LIGHT UP THE NIGHT On June 10, the public played student-made video games that were displayed on the Cira Centre, in Philadelphia, Pennsylvania. DREXEL UNIVERSITY

On June 10, at 8 p.m., more than a hundred people were gathered in a tent in Philadelphia, Pennsylvania. They were there to play video games. But they wouldn’t be playing on any ordinary gaming system. Instead, they were gearing up to play games that would be displayed on a glass skyscraper called the Cira Centre. “There was a really great energy in the tent that night,” Ainsley Soulchin, 13, told TIME for Kids.

Ainsley’s a seventh grader at the Upper Merion Area Middle School, near Philadelphia. She participated in Skyscraper Video Games for Kids. It’s a program that teaches middle school students how to code video games.

In the program, Ainsley coded a game. She calls the game Dot Man. In Dot Man, a player has to pass through a maze without getting caught by a dot. On June 10, the public got to play Dot Man and other other student-made video games on the outside of the Cira Centre. Ainsley was proud of her accomplishment. “When you see your game on the building,” she said, “you’re like ‘Wow. I made this.’”

Game Changer

Frank Lee founded Skyscraper Video Games for Kids. He’s a professor of digital media at Drexel University, in Philadelphia. He wanted to initiate others in the joy of playing video games. So he found a way to make that happen.

“Years ago, I was driving past the Cira Centre,” Lee told TFK. “I thought, ‘Wouldn’t it be cool to make a game out of that building?'” He noticed there were LED lights embedded between the skyscraper’s floors.
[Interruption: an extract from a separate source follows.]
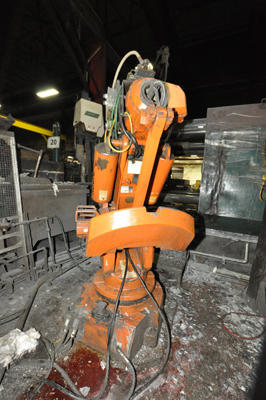 Picture of ABB Six Axis Foundry Rated Industrial Robot with Extractor Package/Gripper for Extracting Die Castings DCMP-4479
Lee knew if he could access the building’s computer system, he could manipulate the LED lights. This would allow him to display video games on the skyscraper. People could play these games using a joystick. The joystick would be connected to a computer outside the building. And the computer would send wireless commands to the skyscraper's internal system.

On April 19, 2013, Lee arranged for Pong, a video game inspired by table tennis, to be played on the Cira Centre. It scored a Guinness World Record for World’s Largest Architectural Video Game Display. In 2014, Lee arranged for Tetris to be played on the same building. It broke the 2013 record. At 119,600 square feet, the Tetris display was twice the size that Pong had been.
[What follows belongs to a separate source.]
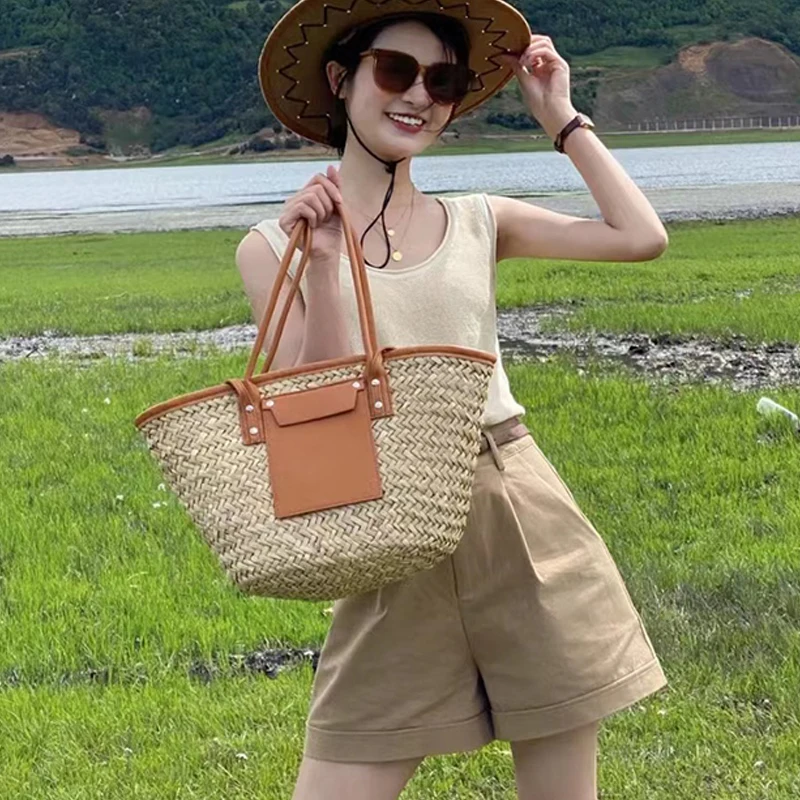 Casual Rattan Basket Bag Designer Wicker Woven Women Handbags Handmade Summer Beach Straw Shoulder Crossbody Bags Big Tote Purse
Now Lee shares his passion for game design with kids. With funding from Intel, he trains educators to create video games. The educators then teach their students those same skills.

A BIG GAME Kids and adults play “Fill”— a video game created by students at the Benjamin B. Comegys School—on the Cira Centre.


Christian Johnson is one such educator. He teaches at Ainsley’s middle school. "Having the students’ video games be shown on such a large, public display can give them motivation to keep creating," Johnson told TFK.

Ainsley plans to continue coding. “I’ve always loved to build stuff,” she says. “Coding is just another opportunity to build something and make it my own. And I really like that.”